* Brief: What you write must match, character for character, the lines from the one with "estrategias para jogos slots" down to the one with "2020邯郸国庆太行颂文化园门票多少钱 涉县太行颂文化园门票多少钱" in the listing below, minus its pictures.

* Input material:
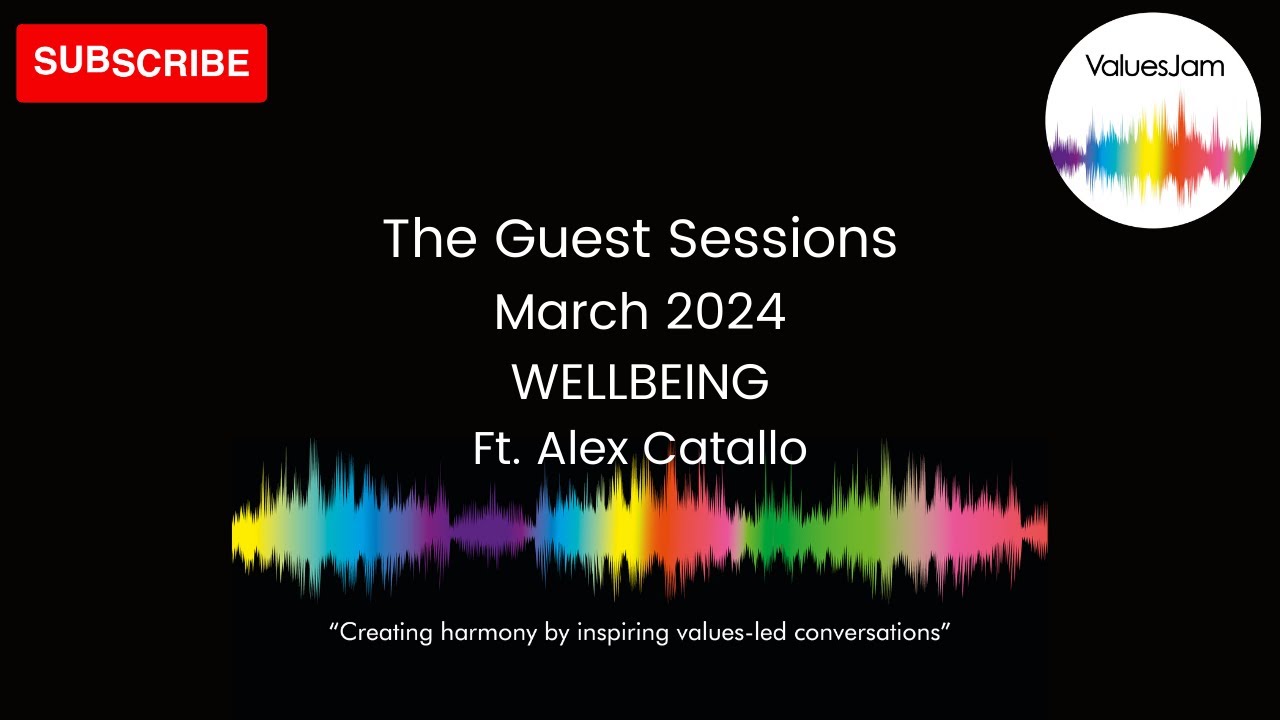 2413 ValuesJam GuestSession WELLBEING Ft  Alex Catallo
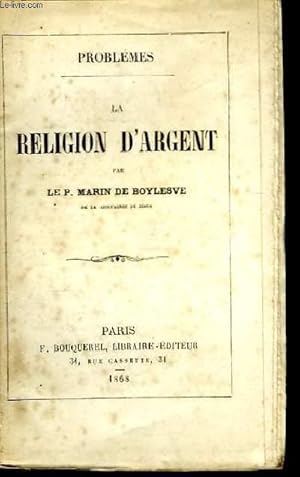 Seller image for Problmes. La Religion d'Argent. for sale by Le-Livre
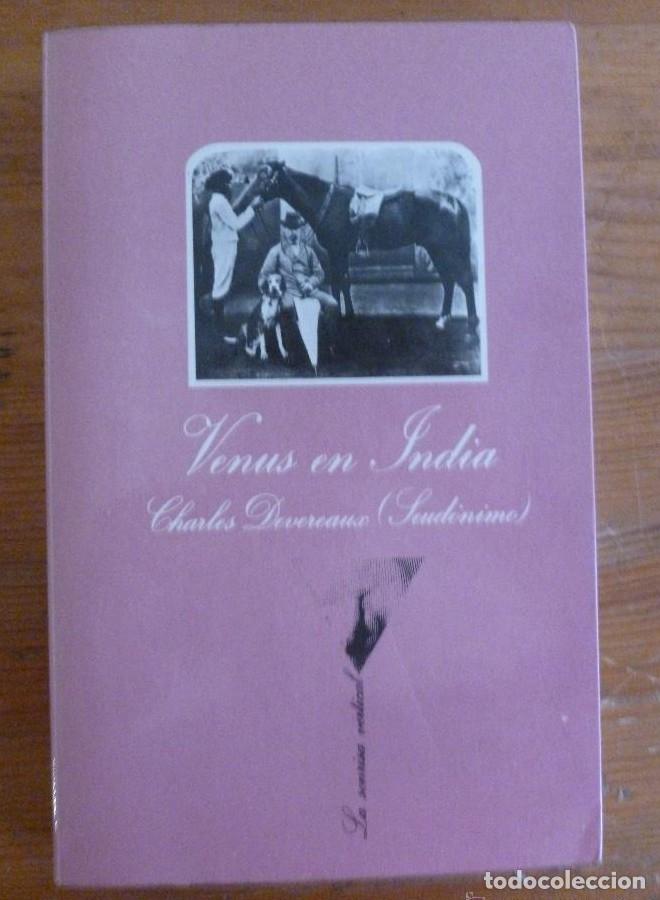 Libros: Venus en India (La Sonrisa Vertical) de Charlie Devereaux (1 EDICION sep 1979) Tapa blanda - Charles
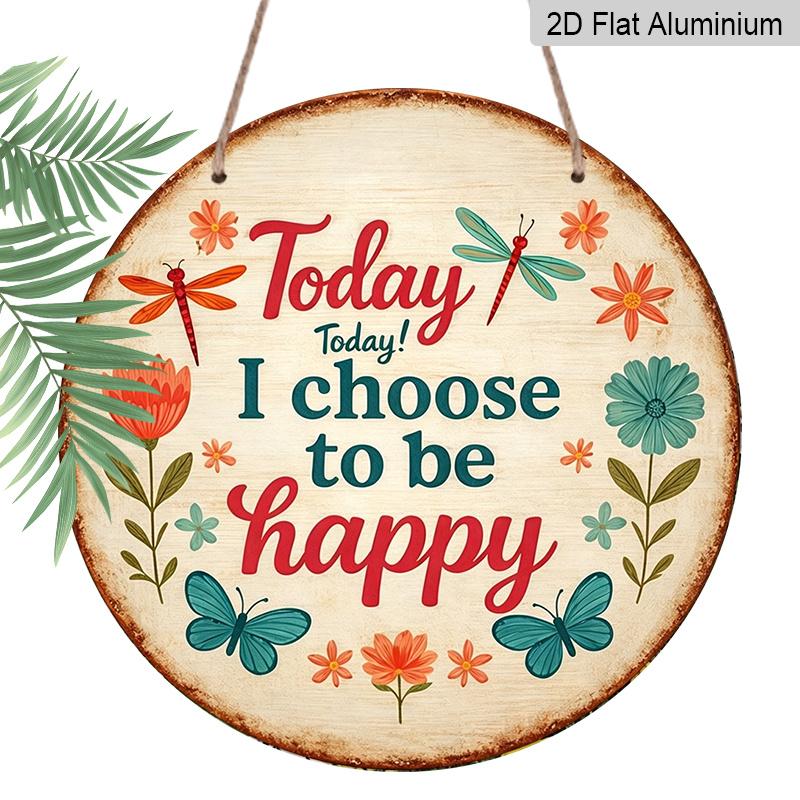 2D Flat, 1pc Round Aluminum Hanging Sign, Today I Choose to Be Happy Floral Butterfly Metal Wall Art, Vintage Inspirational Quote Decor, Perfect 7.87x7.87in
2D Flat, 1pc Round Aluminum Hanging Sign, Today I Choose to Be Happy Floral Butterfly Metal Wall Art, Vintage Inspirational Quote Decor, Perfect 7.87x7.87in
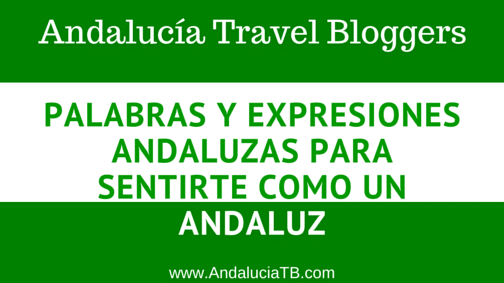 Palabras y Expresiones Andaluzas para sentirte como un Andaluz ...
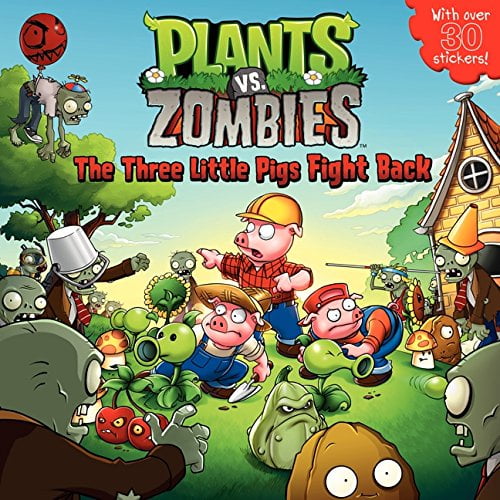 Pre-Owned Plants vs. Zombies: The Three Little Pigs Fight Back [With Over 30 Stickers] (Paperback) 0062228382 9780062228383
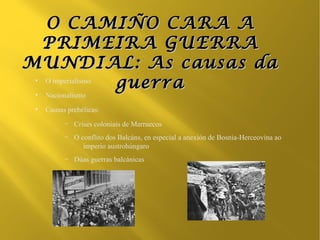 O CAMIÑO CARA A
 PRIMEIRA GUERRA
MUNDIAL: As causas da
 O imperialismo
 ●

                guerra
 ●
     Nacionalismo
 ●
     Causas prebélicas:
           –   Crises coloniais de Marruecos
           –   O conflito dos Balcáns, en especial a anexión de Bosnia-Herceovina ao
                  imperio austrohúngaro
           –   Dúas guerras balcánicas
 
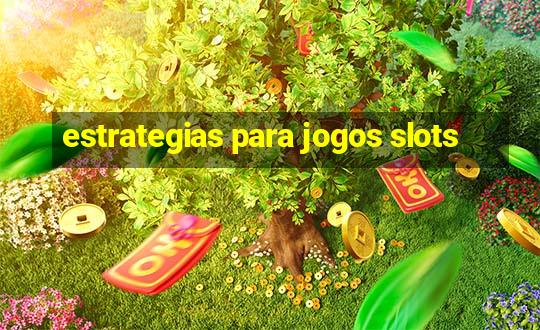 estrategias para jogos slots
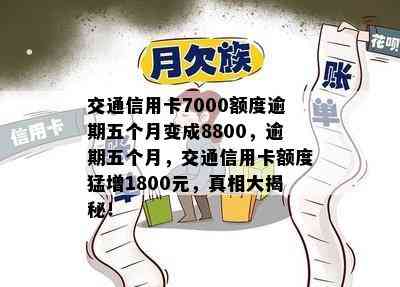 交通信用卡7000额度逾期五个月变成8800，逾期五个月，交通信用卡额度猛增1800元，真相大揭秘！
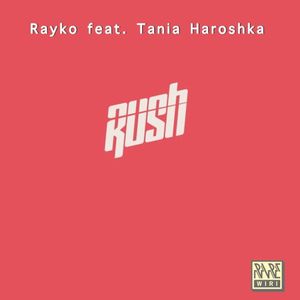 Rush (Single)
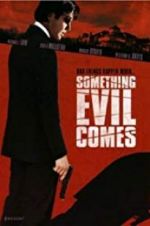 Watch Something Evil Comes 123movies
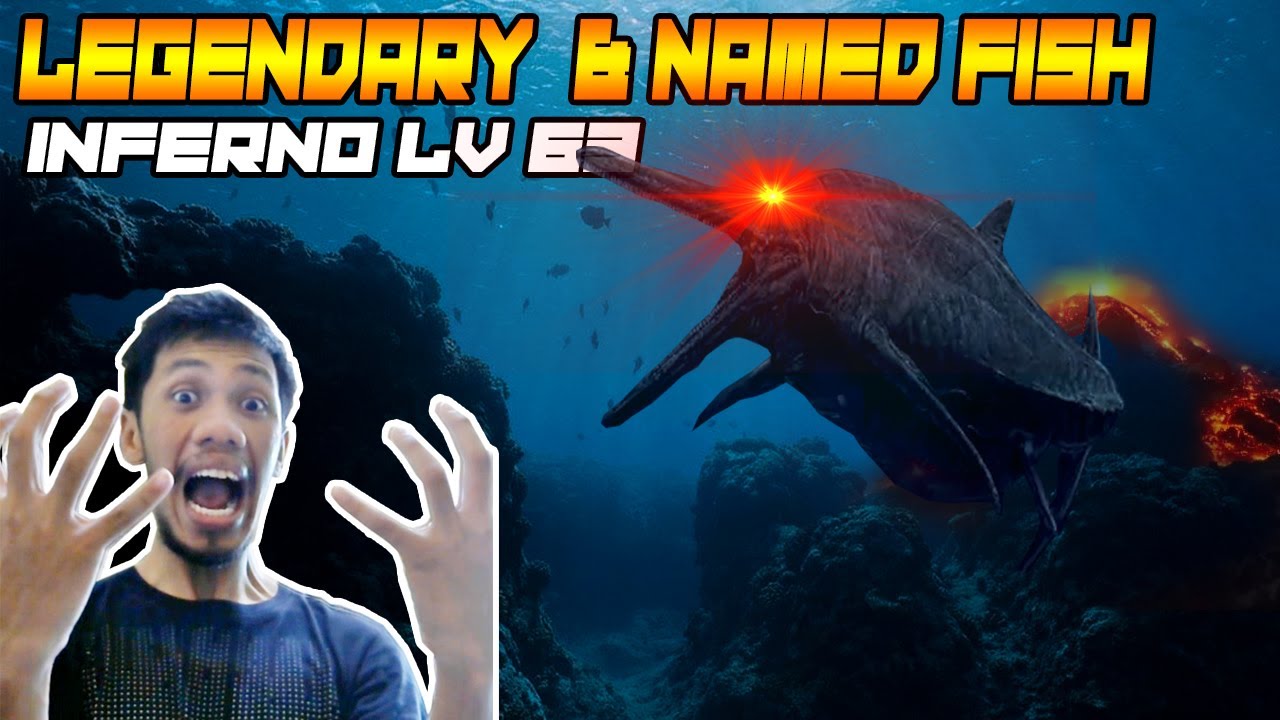 Legendary & Named Fish Fishing Strike Inferno Level 63
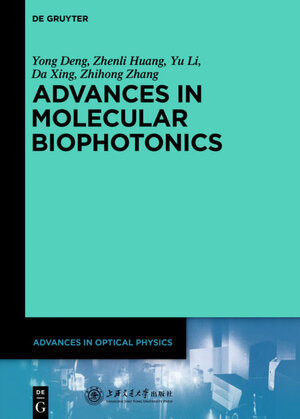 Buchcover Advances in Optical Physics / Advances in Molecular Biophotonics | Yong Deng | EAN 9783110304381 | ISBN 3-11-030438-4 | ISBN 978-3-11-030438-1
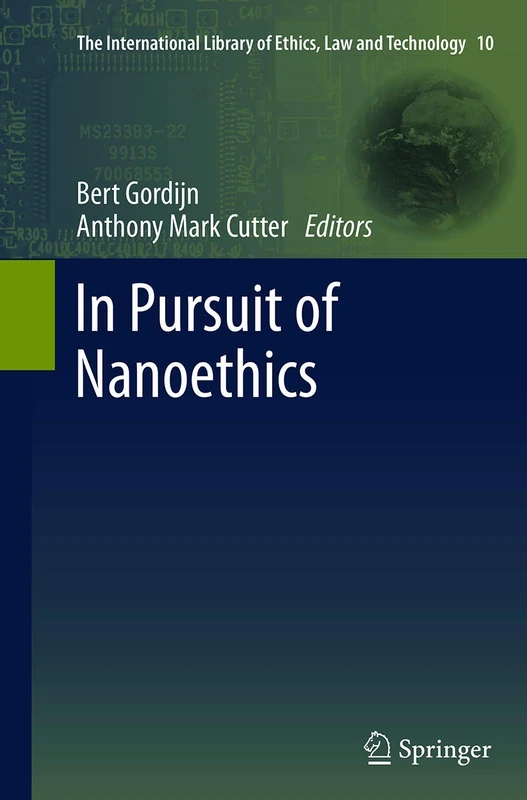 In Pursuit of Nanoethics: 10 (The International Library of Ethics, Law and Technology, 10)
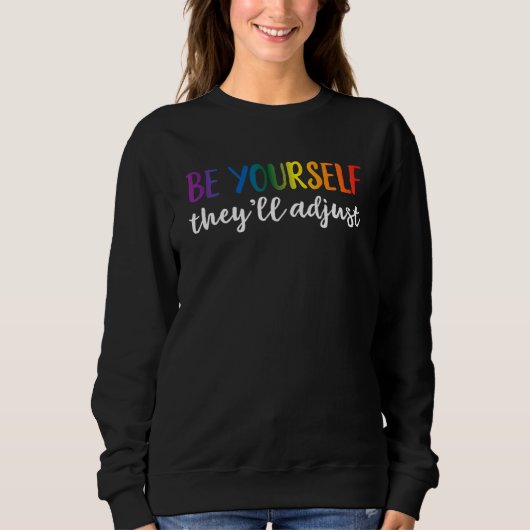 Be Yourself They'll Adjust LGBTQ Rainbow Flag Gay  Trui (Voorkant)
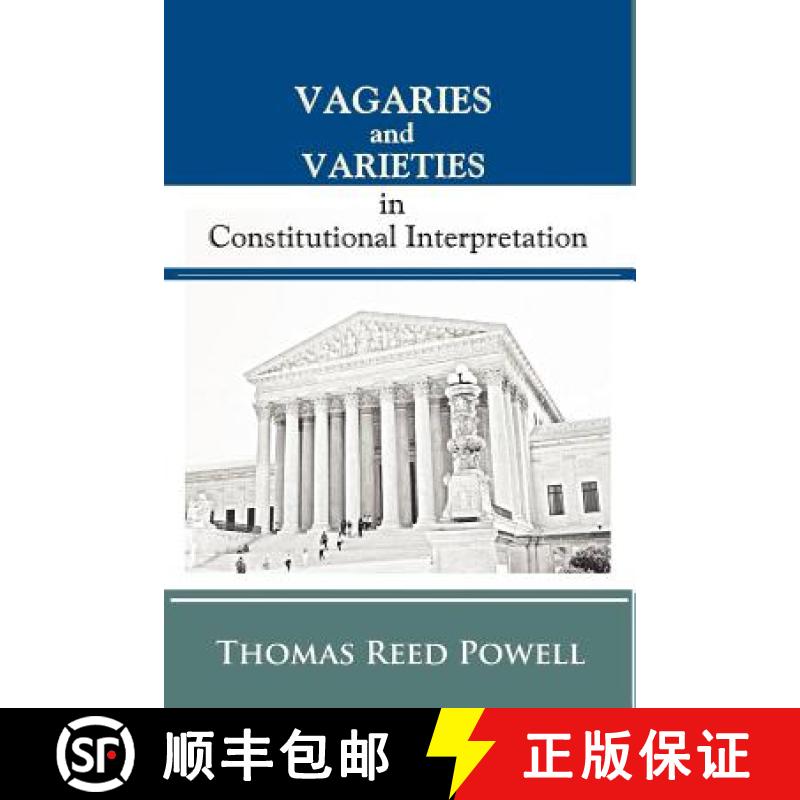 预订 Vagaries and Varieties in Constitutional Interpretation [9781610279253]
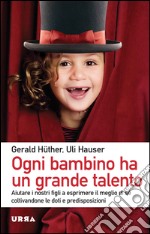 Ogni bambino ha un grande talento. Aiutare i nostri figli a esprimere il meglio di sé coltivandone le doti e predisposizioni libro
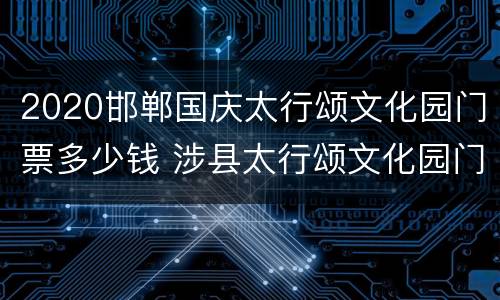 2020邯郸国庆太行颂文化园门票多少钱 涉县太行颂文化园门票多少钱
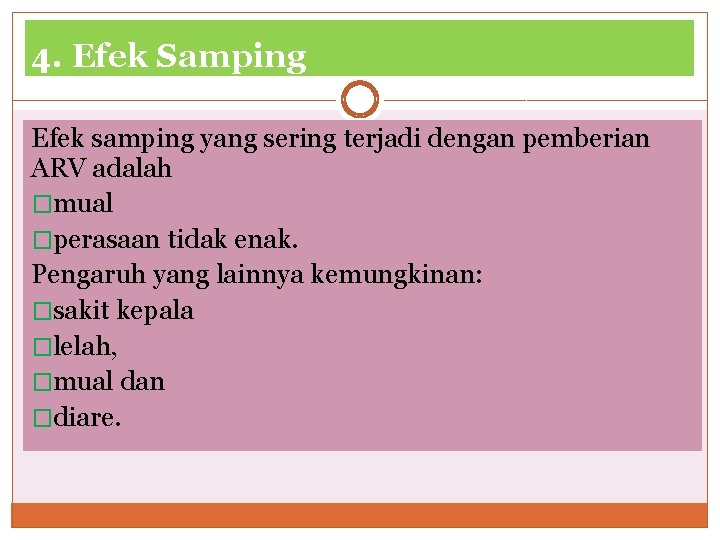 4. Efek Samping Efek samping yang sering terjadi dengan pemberian ARV adalah �mual �perasaan 4. Efek Samping Efek samping yang sering terjadi dengan pemberian ARV adalah �mual �perasaan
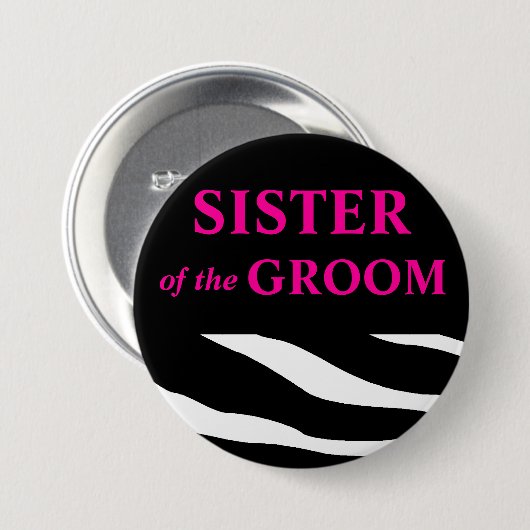 Schwester der Bräutigamzebra-Hochzeit Button (Vorne & Hinten)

* Answer below:
 estrategias para jogos slots
 交通信用卡7000额度逾期五个月变成8800，逾期五个月，交通信用卡额度猛增1800元，真相大揭秘！
 Rush (Single)
 Watch Something Evil Comes 123movies
 Legendary & Named Fish Fishing Strike Inferno Level 63
 Buchcover Advances in Optical Physics / Advances in Molecular Biophotonics | Yong Deng | EAN 9783110304381 | ISBN 3-11-030438-4 | ISBN 978-3-11-030438-1
 In Pursuit of Nanoethics: 10 (The International Library of Ethics, Law and Technology, 10)
 Be Yourself They'll Adjust LGBTQ Rainbow Flag Gay  Trui (Voorkant)
 预订 Vagaries and Varieties in Constitutional Interpretation [9781610279253]
 Ogni bambino ha un grande talento. Aiutare i nostri figli a esprimere il meglio di sé coltivandone le doti e predisposizioni libro
 2020邯郸国庆太行颂文化园门票多少钱 涉县太行颂文化园门票多少钱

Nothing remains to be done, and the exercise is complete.